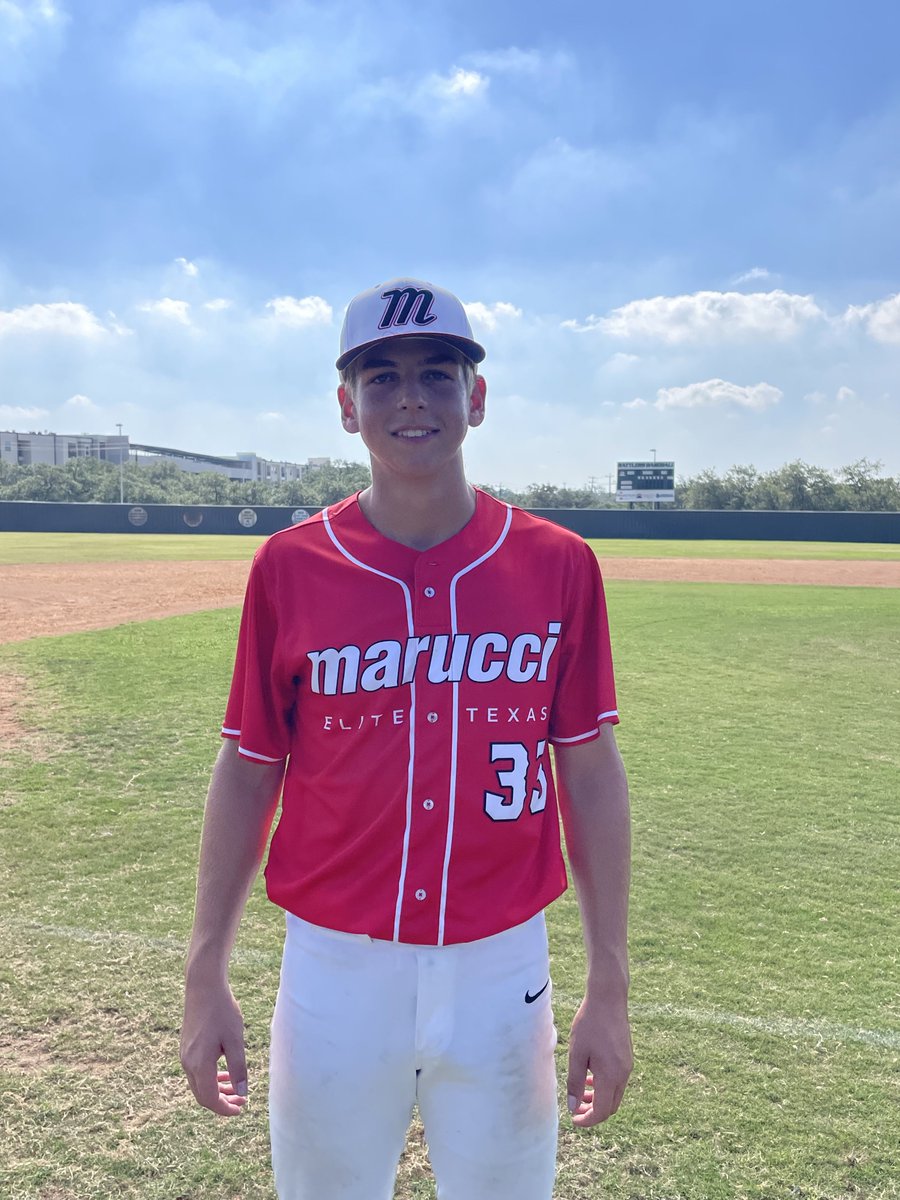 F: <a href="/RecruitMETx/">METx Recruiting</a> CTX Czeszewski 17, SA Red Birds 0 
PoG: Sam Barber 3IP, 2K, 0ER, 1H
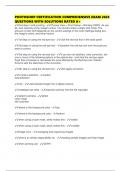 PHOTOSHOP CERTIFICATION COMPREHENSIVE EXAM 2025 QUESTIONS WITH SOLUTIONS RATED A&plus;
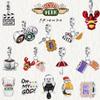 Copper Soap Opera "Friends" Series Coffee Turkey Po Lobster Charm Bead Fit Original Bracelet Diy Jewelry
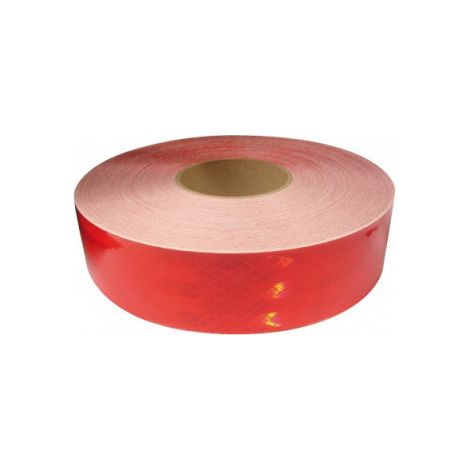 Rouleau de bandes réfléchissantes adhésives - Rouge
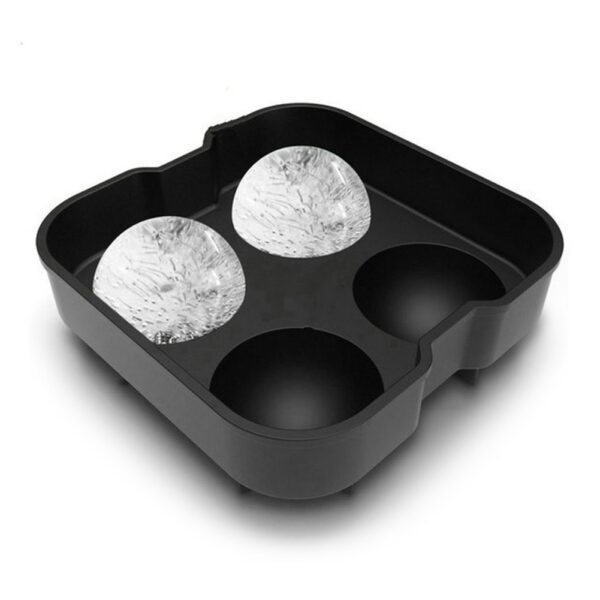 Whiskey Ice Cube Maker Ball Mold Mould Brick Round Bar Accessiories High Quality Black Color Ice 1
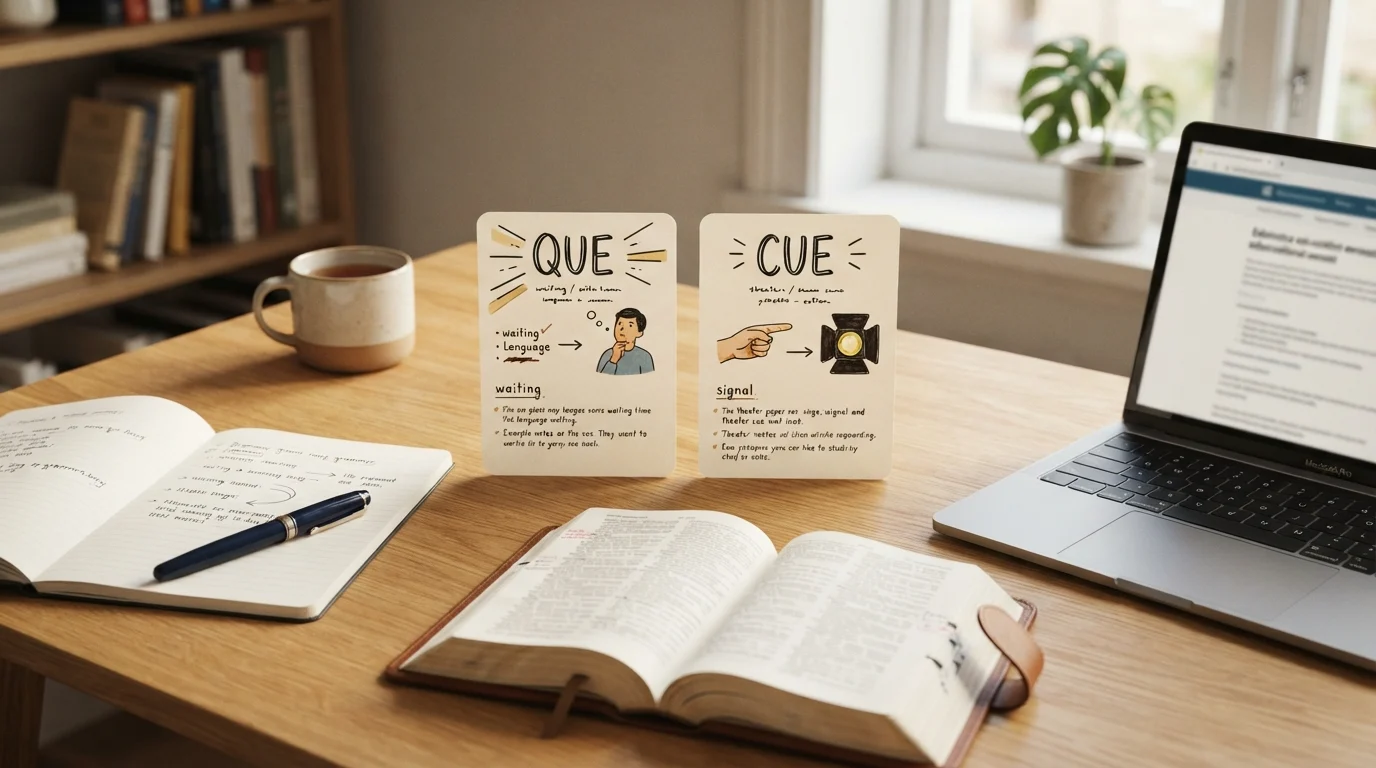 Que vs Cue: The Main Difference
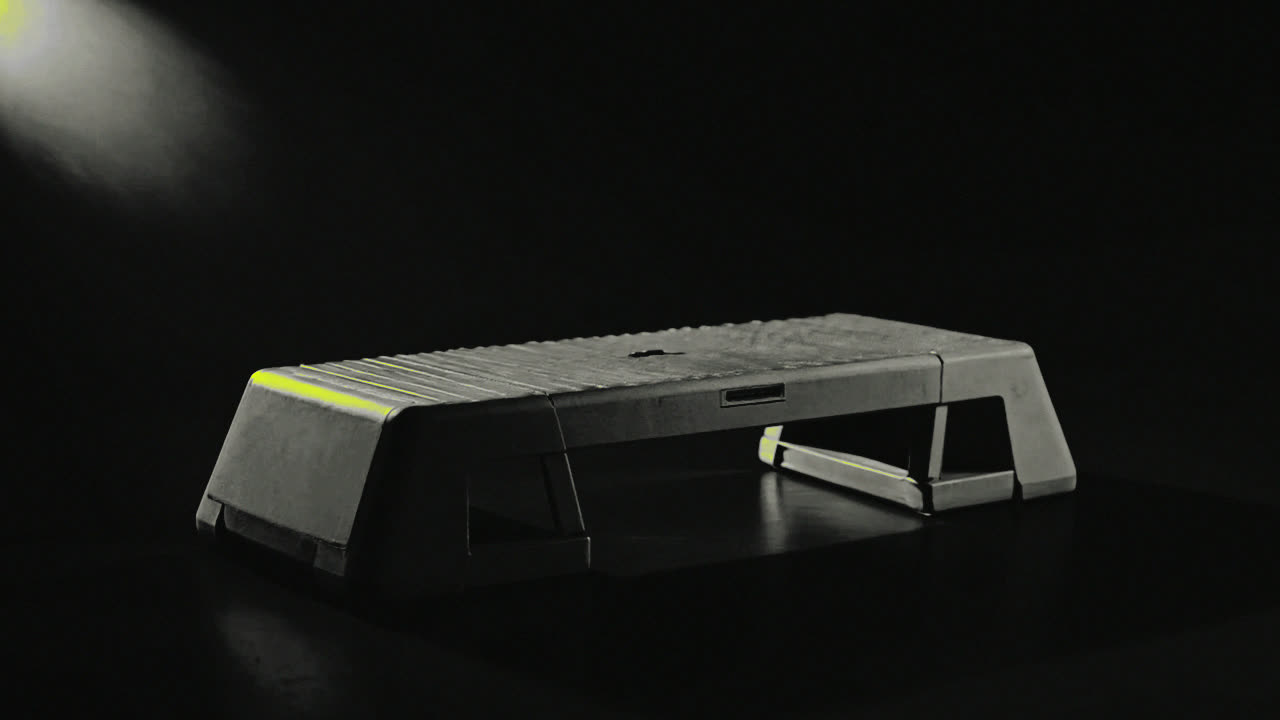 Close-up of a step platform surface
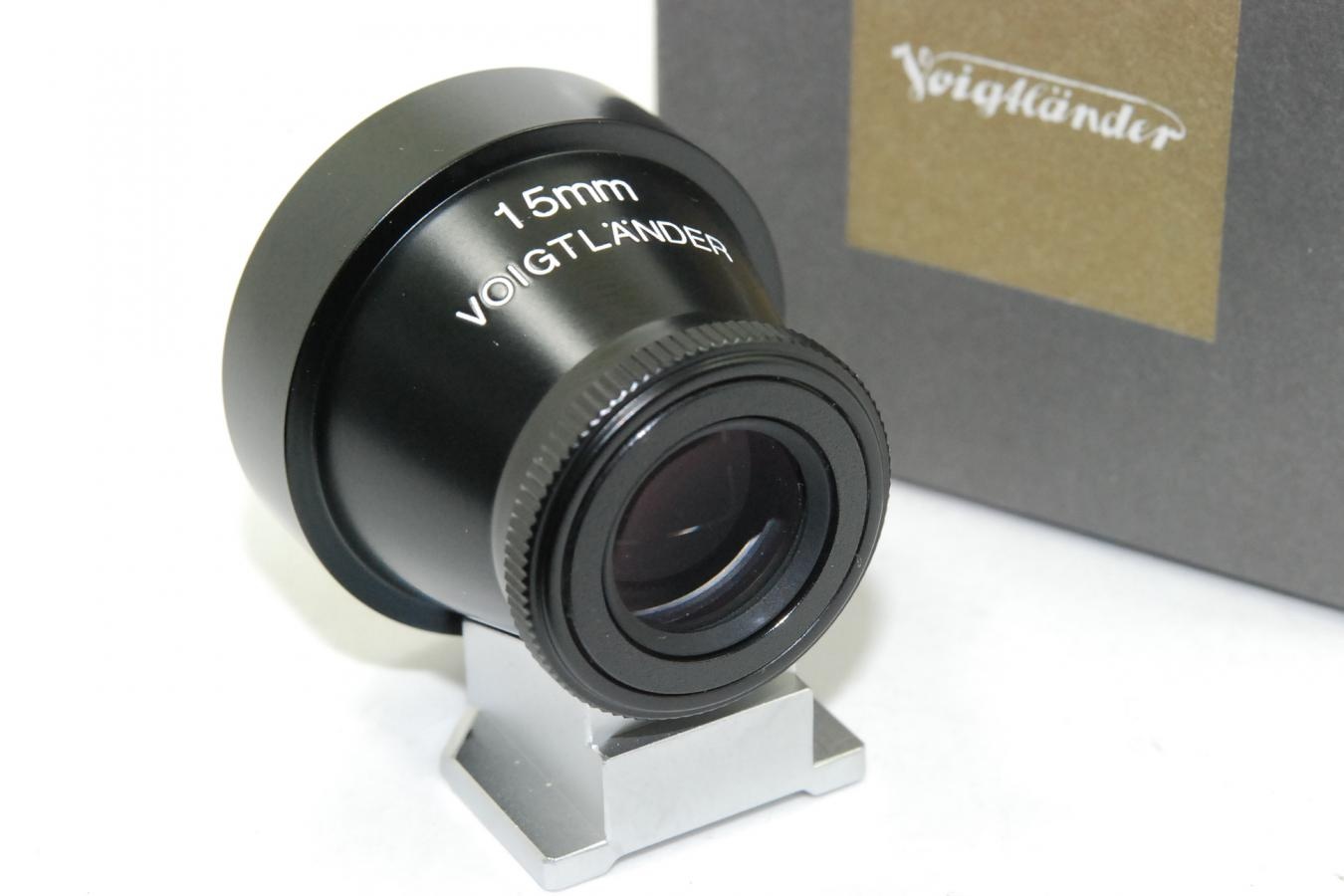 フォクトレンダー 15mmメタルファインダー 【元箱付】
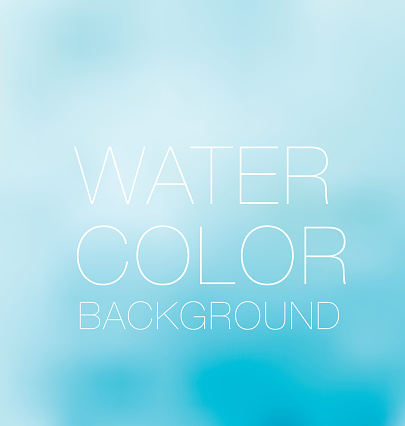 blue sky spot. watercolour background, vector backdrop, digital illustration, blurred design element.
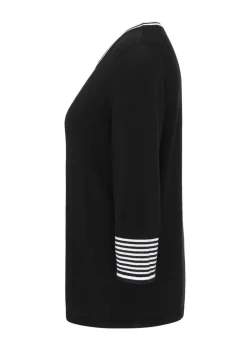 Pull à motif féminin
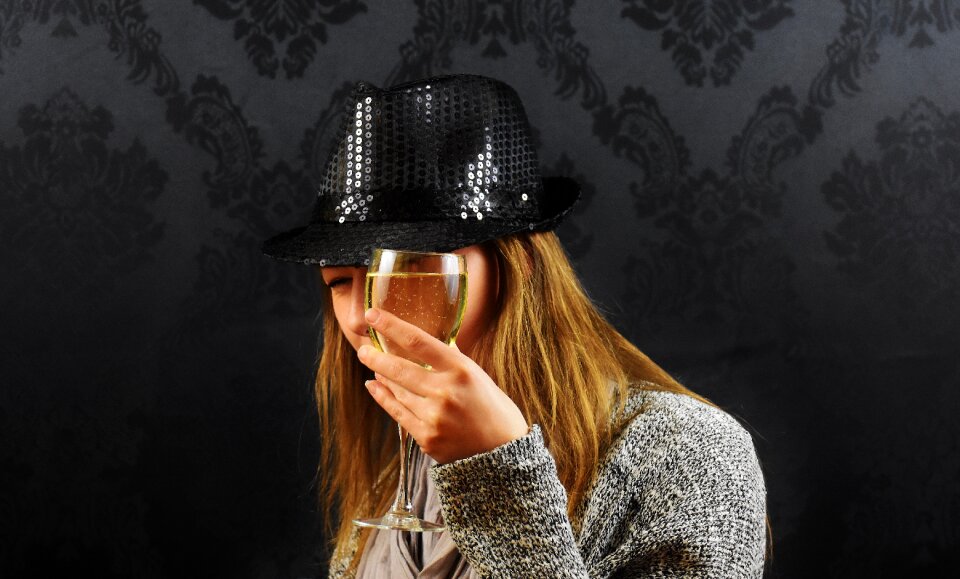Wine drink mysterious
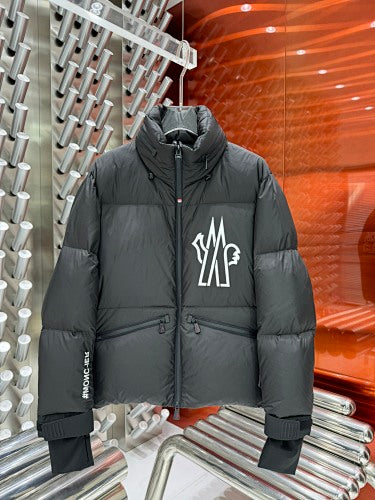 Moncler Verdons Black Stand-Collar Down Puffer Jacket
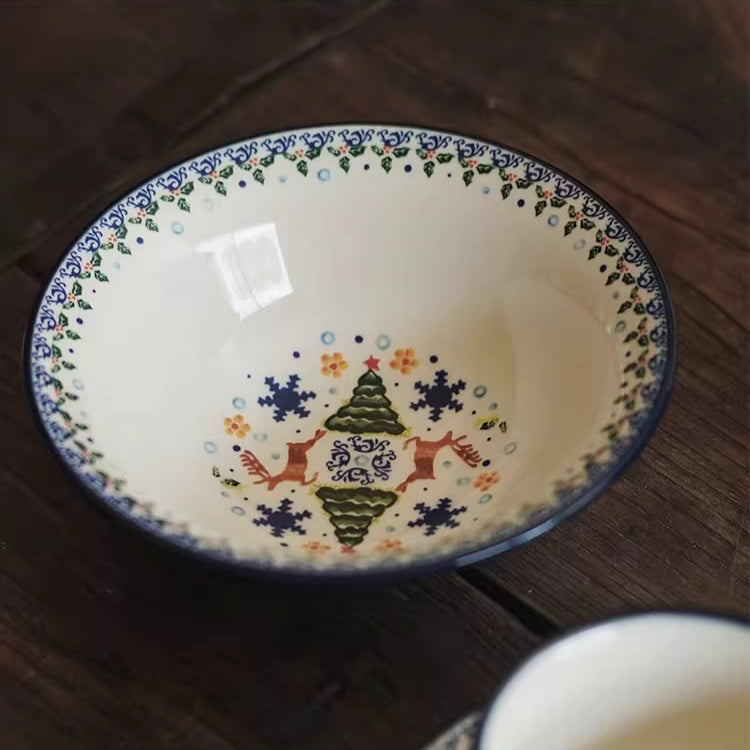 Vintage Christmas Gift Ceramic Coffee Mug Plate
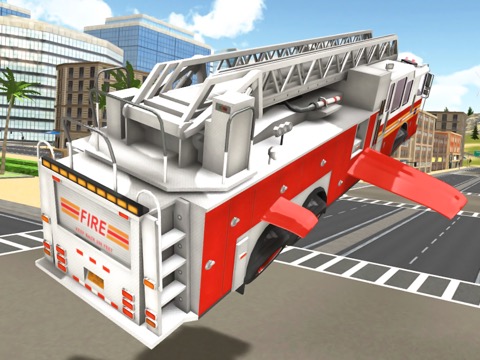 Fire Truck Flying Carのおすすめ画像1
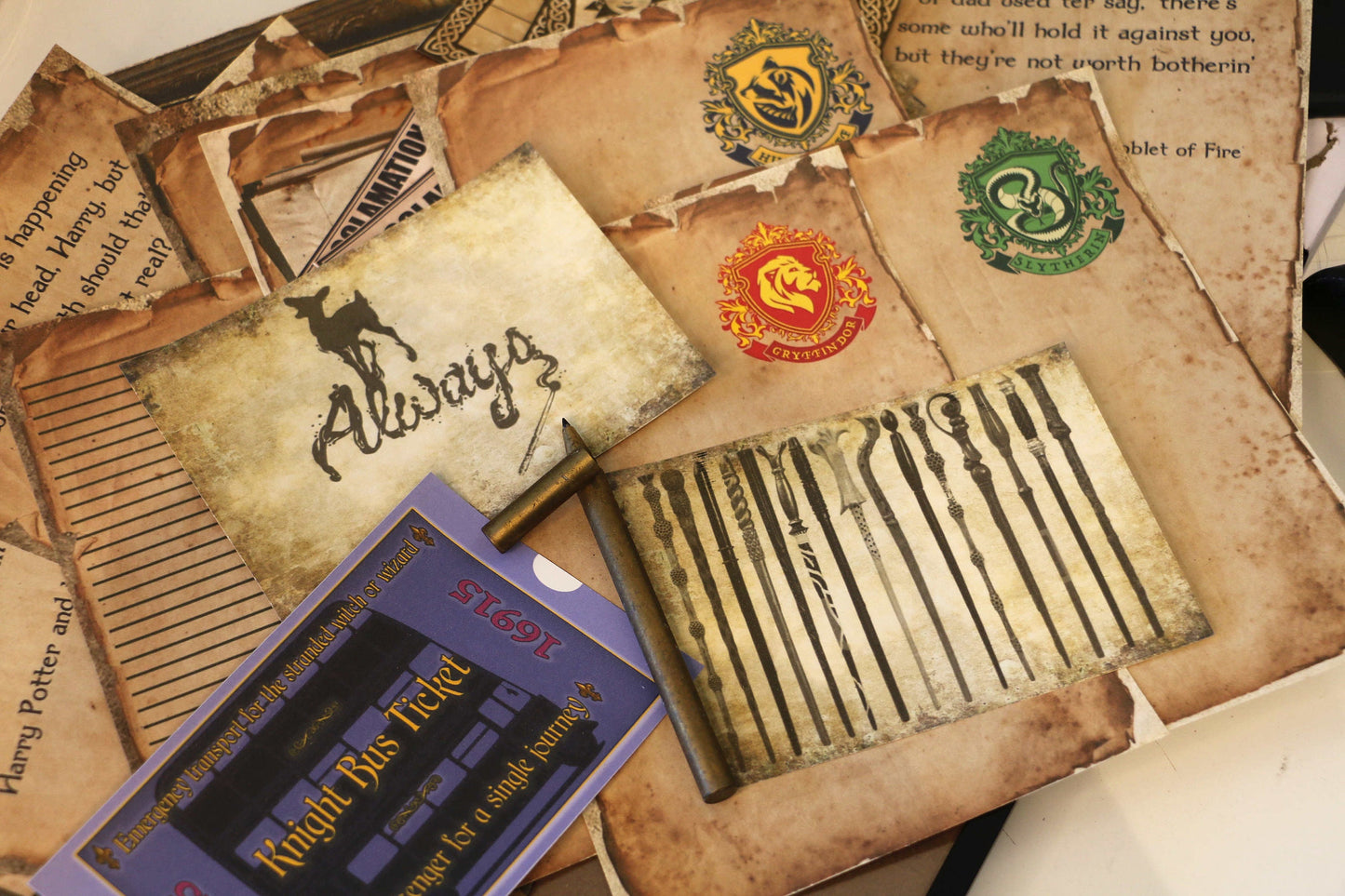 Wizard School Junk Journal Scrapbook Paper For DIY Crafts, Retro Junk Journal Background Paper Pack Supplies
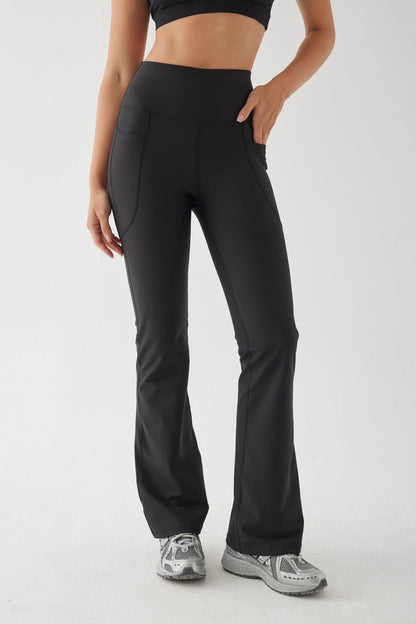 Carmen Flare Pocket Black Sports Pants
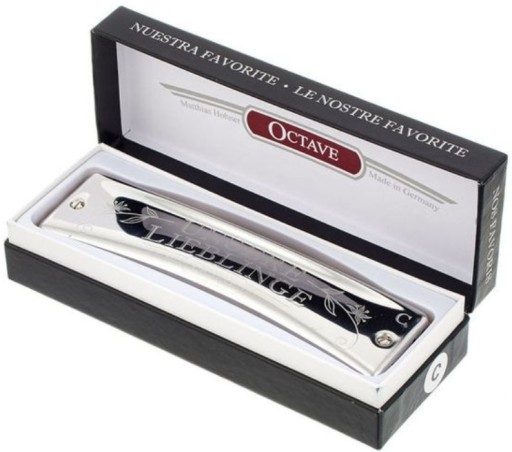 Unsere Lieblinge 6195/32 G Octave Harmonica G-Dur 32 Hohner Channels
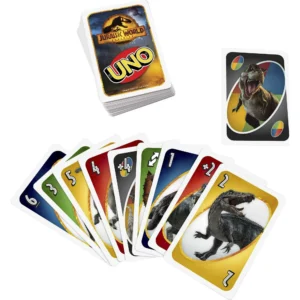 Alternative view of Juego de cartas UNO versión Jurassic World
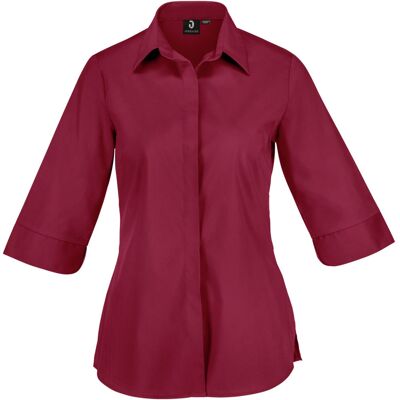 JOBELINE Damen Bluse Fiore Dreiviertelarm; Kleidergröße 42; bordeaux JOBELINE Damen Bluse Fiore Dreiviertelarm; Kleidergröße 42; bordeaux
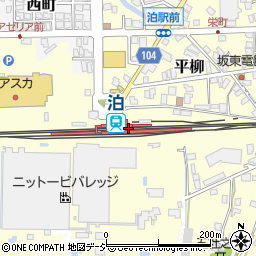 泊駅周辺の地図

▬▬▬▬▬▬

*Task prompt:*
Without any pictures, output exactly the lines from the start of the material through the line that contains "PHOTOSHOP CERTIFICATION COMPREHENSIVE", and only those.

*Response box:*
 F: <a href="/RecruitMETx/">METx Recruiting</a> CTX Czeszewski 17, SA Red Birds 0 
PoG: Sam Barber 3IP, 2K, 0ER, 1H
 PHOTOSHOP CERTIFICATION COMPREHENSIVE EXAM 2025 QUESTIONS WITH SOLUTIONS RATED A&plus;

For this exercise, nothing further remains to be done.